My boyfriend is currently at a party that i left early (I’m sick right now) and where he told me he would join me in bed in a couple of minutes because “without me it’s just not as much fun”. Also he knows that i don’t feel very good about being alone when I’m sick. It’s now almost two hours later. I just don’t know how to trust him right now. Yesterday we got into a huge fight over a female neighbor living next door to us (we live in a student home). I’ve had a pretty bad feeling about her for a while now because she is quite mean to me everytime it’s the two of us but as soon as my boyfriend enters the situation she is all of a sudden all smiles and friendly. I’ve very specifically told him that i feel uneasy about her and he assured me that he feels the same. Still, everytime they meet (which is almost daily because they both do volleyball with a couple of other people around the dorm) he mentions her at least a couple of times during the next conversations with me. I’ve said to him that i would wish him not to talk about her as much which he is trying to respect. Now yesterday it got a little out of hand because I came in on them casually chatting and her inviting him over for her dinner party. She said I could also come but she never talked directly to me even though I was walking right through the room. After this I kinda freaked and told him that i would really not like him going there because i feel like she is kind of disrespectful towards me and I felt like she was constantly flirting with him. He told me he wouldnt go. In the night I apologized for making such a big deal out of it and told him that i was simply worried. He said it was fine and that i was probably taking everything a little more seriously than usually because I’m sick.

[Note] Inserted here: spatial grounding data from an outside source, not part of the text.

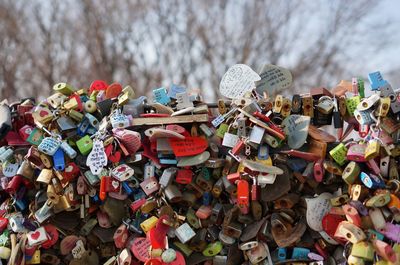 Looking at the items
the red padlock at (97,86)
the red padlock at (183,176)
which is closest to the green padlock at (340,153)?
the red padlock at (183,176)

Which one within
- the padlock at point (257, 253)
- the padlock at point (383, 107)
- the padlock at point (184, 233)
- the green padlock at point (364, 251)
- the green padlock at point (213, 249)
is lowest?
the green padlock at point (213, 249)

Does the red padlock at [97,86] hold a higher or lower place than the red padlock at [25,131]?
higher

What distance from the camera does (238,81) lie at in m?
2.37

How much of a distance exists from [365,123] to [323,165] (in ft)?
0.75

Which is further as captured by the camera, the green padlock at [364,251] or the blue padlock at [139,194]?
the blue padlock at [139,194]

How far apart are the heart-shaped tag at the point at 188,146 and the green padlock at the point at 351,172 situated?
58cm

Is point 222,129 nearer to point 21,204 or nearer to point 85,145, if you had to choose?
point 85,145

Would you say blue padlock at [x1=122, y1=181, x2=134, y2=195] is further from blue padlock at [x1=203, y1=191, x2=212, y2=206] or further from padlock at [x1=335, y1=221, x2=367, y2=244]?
padlock at [x1=335, y1=221, x2=367, y2=244]

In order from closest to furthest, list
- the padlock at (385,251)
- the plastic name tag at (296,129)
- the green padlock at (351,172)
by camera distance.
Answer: the padlock at (385,251)
the green padlock at (351,172)
the plastic name tag at (296,129)

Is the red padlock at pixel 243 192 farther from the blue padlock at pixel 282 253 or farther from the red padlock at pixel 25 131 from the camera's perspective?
the red padlock at pixel 25 131

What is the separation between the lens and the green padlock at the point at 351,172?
209 centimetres

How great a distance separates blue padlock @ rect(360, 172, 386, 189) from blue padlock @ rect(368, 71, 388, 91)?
0.34 meters

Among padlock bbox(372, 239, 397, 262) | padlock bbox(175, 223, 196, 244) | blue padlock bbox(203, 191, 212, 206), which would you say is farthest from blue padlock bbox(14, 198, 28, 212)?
padlock bbox(372, 239, 397, 262)

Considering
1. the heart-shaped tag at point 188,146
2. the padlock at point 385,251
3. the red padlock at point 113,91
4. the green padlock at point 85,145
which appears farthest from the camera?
the red padlock at point 113,91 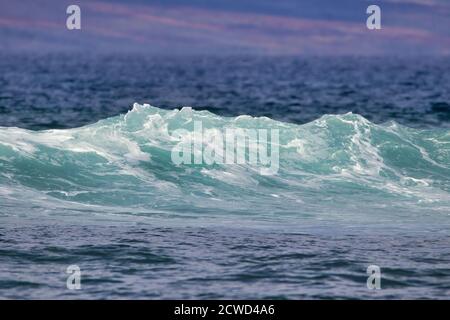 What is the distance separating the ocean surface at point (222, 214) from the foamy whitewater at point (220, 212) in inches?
1.5

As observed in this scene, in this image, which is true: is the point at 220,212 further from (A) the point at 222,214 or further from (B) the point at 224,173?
(B) the point at 224,173

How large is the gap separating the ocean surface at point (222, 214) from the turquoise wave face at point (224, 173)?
46mm

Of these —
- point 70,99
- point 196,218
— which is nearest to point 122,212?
point 196,218

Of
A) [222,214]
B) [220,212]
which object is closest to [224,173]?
[220,212]

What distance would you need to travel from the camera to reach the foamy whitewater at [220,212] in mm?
12961

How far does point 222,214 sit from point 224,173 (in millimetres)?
4480

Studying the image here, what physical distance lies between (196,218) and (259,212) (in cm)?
153

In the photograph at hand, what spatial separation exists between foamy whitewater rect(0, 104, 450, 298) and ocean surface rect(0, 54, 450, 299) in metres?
0.04

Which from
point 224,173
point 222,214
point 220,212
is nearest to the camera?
point 222,214

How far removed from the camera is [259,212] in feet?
60.9

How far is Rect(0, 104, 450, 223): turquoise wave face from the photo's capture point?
18.9m

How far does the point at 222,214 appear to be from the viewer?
59.7ft

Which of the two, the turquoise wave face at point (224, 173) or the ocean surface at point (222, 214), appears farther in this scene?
the turquoise wave face at point (224, 173)

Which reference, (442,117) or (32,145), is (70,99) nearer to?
(442,117) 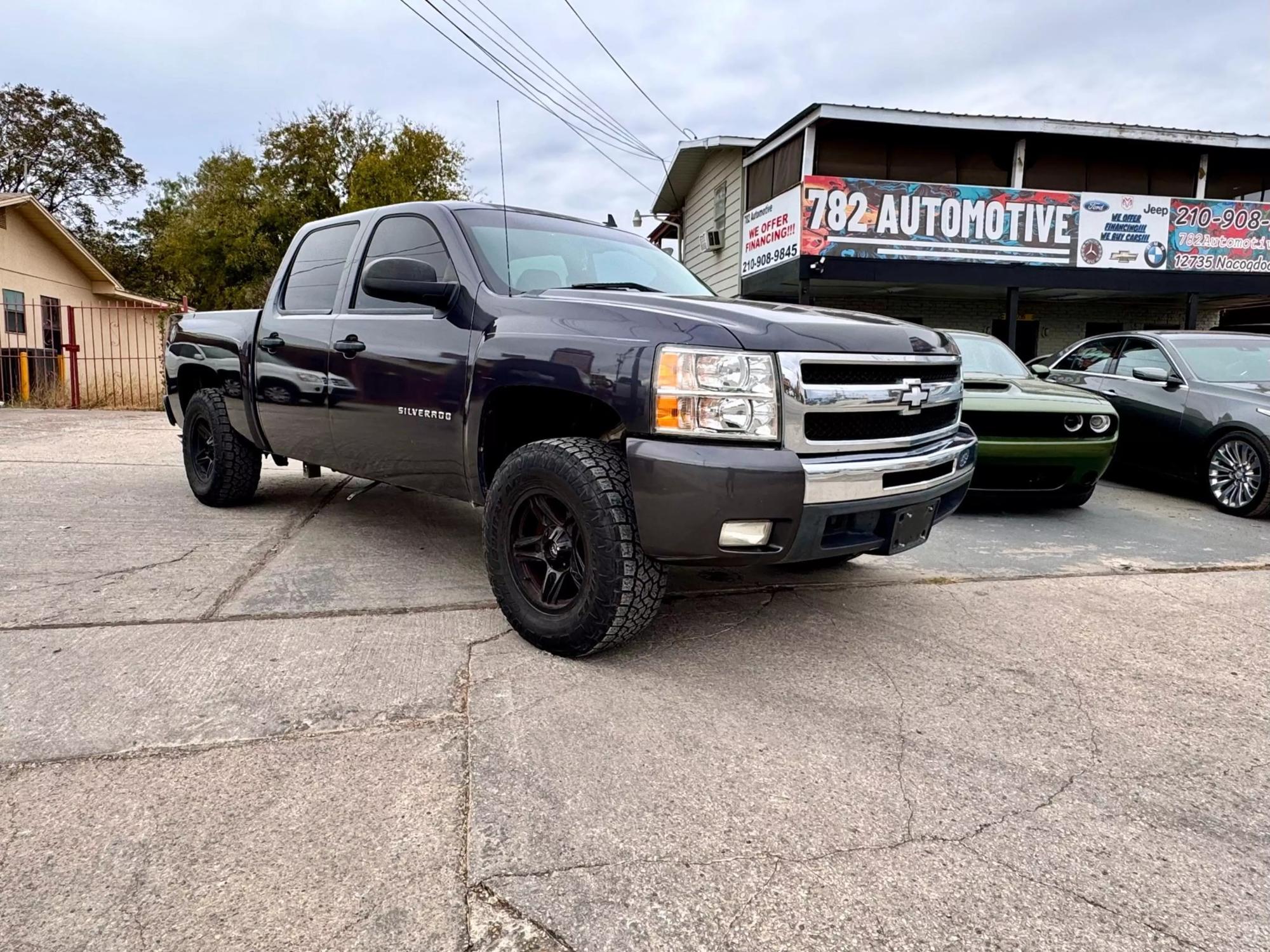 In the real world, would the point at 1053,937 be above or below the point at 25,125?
below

Now tonight because I felt really lonely and kind of got trust issues I went through his phone (i know this is bad on my side and I feel really horrible about it) but then I found out they were actually texting yesterday afternoon and night. She texted him first, again inviting him for dinner and again mentioning I could join. He told her he wouldn’t be able to make it but was very friendly and still kept up some small talk with her.
When I read this i just got really sick to my stomach. I know it might sound like not much of a deal but the fact that he didn’t tell me about her texting him when we specifically talked about her like an hour before just feels very disrespectful to me. What I feel worst about is the fact that i actually apologized for my concerns.
I know that she is most probably at the party tonight too and it just makes me feel like the loneliest person that has ever existed.